Humans like to think they walk a fine line between metaphysically-defined good and evil, but what they really navigate is a path between success and error. Evil is a form of error brought on by human solipsism, akin to the ancient sin of hubris, where we assume our intentions are more important than the structure of reality, originally called “the will of the gods.”
Solipsistic evil can take many forms. One is failure, where we achieve nothing by chasing illusions and ignoring real issues; another is success, where we use our human powers to banish the mathematics of nature from our interactions and in doing so, create a greater failure. This often takes the form of entropy. Consider a company that by being ruthless and dominating the market, succeeds to the point where it drives others out. Now there is no longer a goal, or a challenge, and so the company lapses into apathy and incompetence, eventually failing. This is how humans fail by succeeding, by exceeding the natural parameters of an activity and creating a model of our dominating ego in the world.

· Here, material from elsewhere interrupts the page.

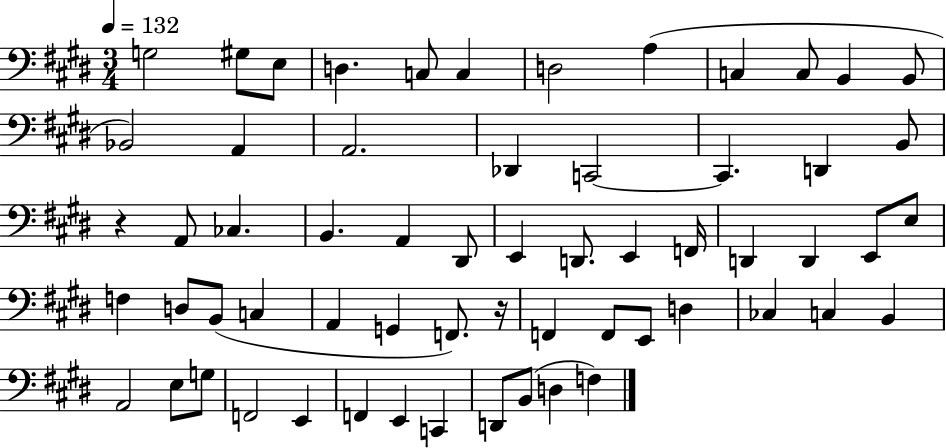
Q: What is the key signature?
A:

As part of our naturalistic — or some might say “feral” — side, many of our greatest thinkers have recognized our need for the beast within. This beast does not aim for morality in our sense of success and failure, but perpetual conflict. While this seems wasteful despite its popularity in nature, it does achieve one thing humans cannot: it avoids entropy by keeping every activity forever in the middle between success and failure. In the natural world, species struggle for survival every day and this keeps them fit and adaptive. In the human world, we either abandon things or dominate them to avoid all risk, in the process creating our doom.
Some call this our “Faustian spirit,” and Date Jesus explores this idea briefly:
We are traditionally Faustian, conceptually and physically spanning time and place, as if prepared long ago to explore the cosmos and enjoy the wealth of having many homes, thankfully gifted with ability to tend each of them.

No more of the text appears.